Durante el embarazo de mi hija Olivia, mi marido y yo, como buenos padres primerizos, leímos numerosos libros y ambos sacamos la conclusión de que lo mejor era optar por la lactancia materna. Así fue durante el primer mes y medio, pero una mastitis, es decir una inflamación del tejido mamario que desembocó en una infección importante, modificó nuestros planes originales. Durante el tiempo que duró el tratamiento, alimentamos a la pequeña con leche de fórmula, compartiendo los dos la tarea de dar el biberón, lo cual para mí suponía un mayor descanso. El caso es que cuando me repuse, decidimos que nos parecía una buena idea combinar ambas opciones: unas tomas con leche materna y otras, con leche de fórmula. ¿El balance? Estupendo.

“Me criticaron por dar de mamar tres años”

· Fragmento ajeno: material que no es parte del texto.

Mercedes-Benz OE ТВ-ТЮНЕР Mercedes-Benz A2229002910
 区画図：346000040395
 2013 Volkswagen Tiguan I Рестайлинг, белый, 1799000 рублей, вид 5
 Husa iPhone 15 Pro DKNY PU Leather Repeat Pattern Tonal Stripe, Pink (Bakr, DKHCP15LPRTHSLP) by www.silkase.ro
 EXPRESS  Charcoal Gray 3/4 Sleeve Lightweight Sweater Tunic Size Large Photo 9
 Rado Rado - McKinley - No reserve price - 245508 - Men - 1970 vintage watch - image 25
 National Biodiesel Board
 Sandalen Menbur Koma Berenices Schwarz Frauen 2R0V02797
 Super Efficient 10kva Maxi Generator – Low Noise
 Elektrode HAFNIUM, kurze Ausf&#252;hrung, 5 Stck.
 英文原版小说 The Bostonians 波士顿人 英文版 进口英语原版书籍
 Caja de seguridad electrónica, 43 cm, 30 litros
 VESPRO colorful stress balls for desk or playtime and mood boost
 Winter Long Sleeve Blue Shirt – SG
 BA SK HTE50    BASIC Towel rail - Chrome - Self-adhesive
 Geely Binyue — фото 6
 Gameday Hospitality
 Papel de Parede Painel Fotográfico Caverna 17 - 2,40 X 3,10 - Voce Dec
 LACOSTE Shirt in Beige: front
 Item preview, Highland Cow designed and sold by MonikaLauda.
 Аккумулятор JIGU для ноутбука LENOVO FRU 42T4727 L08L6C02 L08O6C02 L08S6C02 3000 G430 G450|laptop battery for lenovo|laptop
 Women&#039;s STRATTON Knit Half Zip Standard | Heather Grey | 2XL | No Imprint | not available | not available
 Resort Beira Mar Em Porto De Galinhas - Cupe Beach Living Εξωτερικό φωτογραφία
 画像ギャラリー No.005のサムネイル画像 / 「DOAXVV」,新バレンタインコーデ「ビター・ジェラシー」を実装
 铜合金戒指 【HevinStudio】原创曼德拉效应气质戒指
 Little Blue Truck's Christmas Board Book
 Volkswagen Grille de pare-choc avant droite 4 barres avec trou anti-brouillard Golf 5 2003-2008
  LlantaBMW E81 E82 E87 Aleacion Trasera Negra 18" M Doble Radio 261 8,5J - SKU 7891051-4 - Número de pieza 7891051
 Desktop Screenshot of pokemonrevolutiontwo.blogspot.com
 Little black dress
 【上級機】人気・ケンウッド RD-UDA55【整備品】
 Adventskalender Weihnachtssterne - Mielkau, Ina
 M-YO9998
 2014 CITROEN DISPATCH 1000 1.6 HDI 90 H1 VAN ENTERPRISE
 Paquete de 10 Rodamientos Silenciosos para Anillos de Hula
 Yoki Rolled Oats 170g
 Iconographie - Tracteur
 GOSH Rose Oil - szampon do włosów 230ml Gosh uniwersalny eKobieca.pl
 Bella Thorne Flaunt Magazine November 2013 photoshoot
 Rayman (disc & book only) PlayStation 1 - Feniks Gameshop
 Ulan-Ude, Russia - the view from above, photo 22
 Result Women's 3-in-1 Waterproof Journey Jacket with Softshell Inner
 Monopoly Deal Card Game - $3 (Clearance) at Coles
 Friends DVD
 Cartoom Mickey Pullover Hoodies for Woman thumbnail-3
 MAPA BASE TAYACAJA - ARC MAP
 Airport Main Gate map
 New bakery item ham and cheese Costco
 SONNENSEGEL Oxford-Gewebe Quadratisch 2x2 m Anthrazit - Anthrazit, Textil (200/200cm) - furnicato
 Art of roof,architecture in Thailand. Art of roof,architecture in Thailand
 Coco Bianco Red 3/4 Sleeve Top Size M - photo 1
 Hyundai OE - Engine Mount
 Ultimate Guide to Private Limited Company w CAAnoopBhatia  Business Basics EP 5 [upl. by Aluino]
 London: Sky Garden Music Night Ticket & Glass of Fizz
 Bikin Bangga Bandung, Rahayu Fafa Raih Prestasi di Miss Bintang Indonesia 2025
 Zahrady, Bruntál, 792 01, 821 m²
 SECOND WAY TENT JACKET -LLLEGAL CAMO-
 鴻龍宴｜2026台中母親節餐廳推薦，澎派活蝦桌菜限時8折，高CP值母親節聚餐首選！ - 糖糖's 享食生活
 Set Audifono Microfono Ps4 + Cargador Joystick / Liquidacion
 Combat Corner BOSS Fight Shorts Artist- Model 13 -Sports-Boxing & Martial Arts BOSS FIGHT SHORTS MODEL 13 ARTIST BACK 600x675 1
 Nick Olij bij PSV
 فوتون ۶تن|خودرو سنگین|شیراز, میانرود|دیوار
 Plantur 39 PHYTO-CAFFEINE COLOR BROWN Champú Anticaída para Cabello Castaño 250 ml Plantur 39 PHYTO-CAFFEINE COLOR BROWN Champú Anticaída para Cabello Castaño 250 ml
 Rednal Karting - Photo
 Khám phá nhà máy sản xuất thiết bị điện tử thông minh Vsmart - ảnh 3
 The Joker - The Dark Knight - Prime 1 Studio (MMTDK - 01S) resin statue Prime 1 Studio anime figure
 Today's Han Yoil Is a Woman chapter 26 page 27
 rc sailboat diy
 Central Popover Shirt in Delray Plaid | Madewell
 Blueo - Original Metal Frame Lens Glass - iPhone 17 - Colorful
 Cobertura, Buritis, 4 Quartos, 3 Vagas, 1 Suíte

Cuando comencé a amamantar a mi hijo, no pensaba que lo haría durante tanto tiempo, pero cogí una excedencia de un año en el trabajo y pensé que, si todo iba bien, por qué no seguir. Lógicamente, fui añadiendo a su alimentación papillas y purés, pero se convirtió en una costumbre que las comidas terminaran con ese “chupito” de leche materna. Era nuestro momento. Yo le cantaba, él me miraba y los dos disfrutábamos. Casi siempre el niño acababa profundamente dormido.

Así, la lactancia se alargó hasta los tres años. Mucha gente me criticaba diciéndome que era una fanática de la lactancia, que no era feminista, que le estaba malcriando, que eso ya era vicio… Y es que las madres que elegimos la lactancia prolongada también sufrimos la presión social.